Wednesday, August 12, 2009

OutOfMemoryError in ActiveRecord-JDBC on INSERT SELECT

During some scale testing the other day, we came across this unusual / mildly amusing error in a database-bound command that just funnels INSERT SELECT statements down the ActiveRecord JDBC driver:


java/util/Arrays.java:2734:in `copyOf': java.lang.OutOfMemoryError: Java heap space (NativeException)
from java/util/ArrayList.java:167:in `ensureCapacity'
from java/util/ArrayList.java:351:in `add'
from com/mysql/jdbc/StatementImpl.java:1863:in `getGeneratedKeysInternal'
from com/mysql/jdbc/StatementImpl.java:1818:in `getGeneratedKeys'
from org/apache/commons/dbcp/DelegatingStatement.java:318:in `getGeneratedKeys'
from jdbc_adapter/JdbcAdapterInternalService.java:668:in `call'
from jdbc_adapter/JdbcAdapterInternalService.java:241:in `withConnectionAndRetry'
from jdbc_adapter/JdbcAdapterInternalService.java:662:in `execute_insert'
... 25 levels...


Now, there's a couple of things here that are worth pointing out.

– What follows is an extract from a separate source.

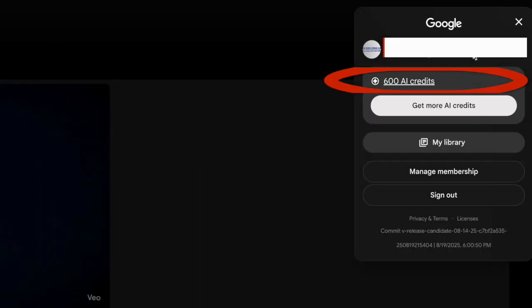Now let's double check. I go back to Flow, refresh the page, and look — I had 600 credits before. I still have 600 credits now. Not a single one used. That's how you know this method works.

  1. I REALLY LOVE the fact that it blew heap space in a method called ensureCapacity. That makes me smile.
  2. Why is it calling getGeneratedKeys() for an INSERT SELECT?


The getGeneratedKeys() method retrieves all the primary keys that are generated when you execute an INSERT statement. Fair enough - BUT the issue here is that we'd specifically structured the process and the SQL statements involved so as to be done with INSERT SELECTS, and hence avoid great chunks of data being transferred backwards and forwards between the app and the database.

It turns out that the ActiveRecord JDBC adapter is doing this :
(lib/active_record/connection_adapters/JdbcAdapterInternalService.java)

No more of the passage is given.